Die Konversionsrate bei der Rückkehr von Nutzern aus den regulär versandten E-Mails liegt mit 9,7% unter unseren Erwartungen. Für die nahe Zukunft planen wir einen verbesserten Mechanismus zur Rückkehr der Zielgruppe auf looks.fm zu installieren. Mit der Einführung einer neuen E-Mail-Versandmaske und einer verbesserten Aufbereitung des Materials werden wir an der Erhöhung der Konversionsrate arbeiten.

Synergie

Unser Startup hat beeindruckende Kennziffern erreicht, ohne dass wir große Summen für die Werbung ausgegeben haben. Immens wichtig für den Erfolg ist die Synergie – die Verwendung aller Möglichkeiten zur kostenlosen Entwicklung des Projekts. So wurde unser Werbefilm beispielsweise von dem bekannten Radiomoderator Pawel Koslow vertont, dessen Stimme Millionen Einwohner von Kiew und Odessa sofort erkennen. Wie ihr wahrscheinlich schon erraten habt, hat er das absolut kostenlos gemacht.

Eine teilweise Synergie konnten wir auch in der Zusammenarbeit mit dem Projektentwickler erzielen — dem Kreativbüro „Sponge digital&design“ (sponge.com.ua). Apropos, die Jungs haben vor kurzem die beste Webseite unter allen Webseitenentwicklern online gestellt.

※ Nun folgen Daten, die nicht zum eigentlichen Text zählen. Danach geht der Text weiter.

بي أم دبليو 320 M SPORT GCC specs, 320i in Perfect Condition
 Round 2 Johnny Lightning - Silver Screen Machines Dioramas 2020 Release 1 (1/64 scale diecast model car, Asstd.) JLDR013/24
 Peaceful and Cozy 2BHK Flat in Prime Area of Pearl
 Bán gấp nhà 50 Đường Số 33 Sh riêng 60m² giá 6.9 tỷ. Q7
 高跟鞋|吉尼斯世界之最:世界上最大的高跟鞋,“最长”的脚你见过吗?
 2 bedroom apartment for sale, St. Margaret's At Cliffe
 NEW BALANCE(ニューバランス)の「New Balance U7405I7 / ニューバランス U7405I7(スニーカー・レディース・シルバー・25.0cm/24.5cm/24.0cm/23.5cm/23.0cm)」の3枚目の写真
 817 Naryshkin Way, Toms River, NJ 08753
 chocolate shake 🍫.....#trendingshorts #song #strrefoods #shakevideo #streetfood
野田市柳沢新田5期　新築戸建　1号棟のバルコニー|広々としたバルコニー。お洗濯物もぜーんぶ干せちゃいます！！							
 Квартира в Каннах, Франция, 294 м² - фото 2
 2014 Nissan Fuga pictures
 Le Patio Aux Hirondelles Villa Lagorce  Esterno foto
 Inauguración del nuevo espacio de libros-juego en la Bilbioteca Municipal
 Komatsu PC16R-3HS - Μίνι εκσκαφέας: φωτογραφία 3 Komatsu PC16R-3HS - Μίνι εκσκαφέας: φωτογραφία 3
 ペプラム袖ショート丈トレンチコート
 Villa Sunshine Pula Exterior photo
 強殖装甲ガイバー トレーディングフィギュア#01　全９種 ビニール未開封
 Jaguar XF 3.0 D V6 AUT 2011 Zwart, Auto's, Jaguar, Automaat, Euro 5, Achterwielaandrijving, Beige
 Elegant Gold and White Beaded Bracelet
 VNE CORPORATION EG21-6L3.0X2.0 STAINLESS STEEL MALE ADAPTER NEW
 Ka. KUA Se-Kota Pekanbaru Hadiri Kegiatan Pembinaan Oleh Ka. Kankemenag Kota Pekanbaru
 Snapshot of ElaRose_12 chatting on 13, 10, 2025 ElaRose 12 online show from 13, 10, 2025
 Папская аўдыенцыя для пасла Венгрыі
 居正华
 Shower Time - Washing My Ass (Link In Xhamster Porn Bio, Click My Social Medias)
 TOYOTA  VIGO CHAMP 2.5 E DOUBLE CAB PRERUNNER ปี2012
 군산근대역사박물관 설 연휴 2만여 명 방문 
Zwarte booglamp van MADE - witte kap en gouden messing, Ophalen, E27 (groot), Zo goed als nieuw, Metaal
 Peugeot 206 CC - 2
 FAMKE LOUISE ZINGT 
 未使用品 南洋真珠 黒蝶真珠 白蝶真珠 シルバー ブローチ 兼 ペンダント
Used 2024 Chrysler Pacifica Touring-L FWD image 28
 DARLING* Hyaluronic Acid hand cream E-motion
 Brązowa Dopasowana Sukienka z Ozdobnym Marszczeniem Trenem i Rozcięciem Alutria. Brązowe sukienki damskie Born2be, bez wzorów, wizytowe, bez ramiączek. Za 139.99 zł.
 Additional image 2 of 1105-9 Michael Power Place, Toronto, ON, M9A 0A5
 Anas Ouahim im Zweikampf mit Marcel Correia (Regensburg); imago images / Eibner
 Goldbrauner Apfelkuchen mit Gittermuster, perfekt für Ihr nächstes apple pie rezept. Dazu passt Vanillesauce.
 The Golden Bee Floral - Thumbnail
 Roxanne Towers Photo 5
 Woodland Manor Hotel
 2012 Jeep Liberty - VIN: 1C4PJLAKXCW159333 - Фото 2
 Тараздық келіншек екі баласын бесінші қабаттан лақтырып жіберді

Ich wünsche jedem Startup, dass er sein einzigartiges Rezept findet, mit dem er die Aufmerksamkeit seiner Zielgruppe gewinnen kann, und zwar so kostengünstig wie möglich. Wenn es euch gelingt, dafür noch weniger auszugeben als wir, dann gebt uns bitte ein entsprechendes Feedback, wir würden gern alle praktischen Erfahrungen in diesem Bereich bündeln.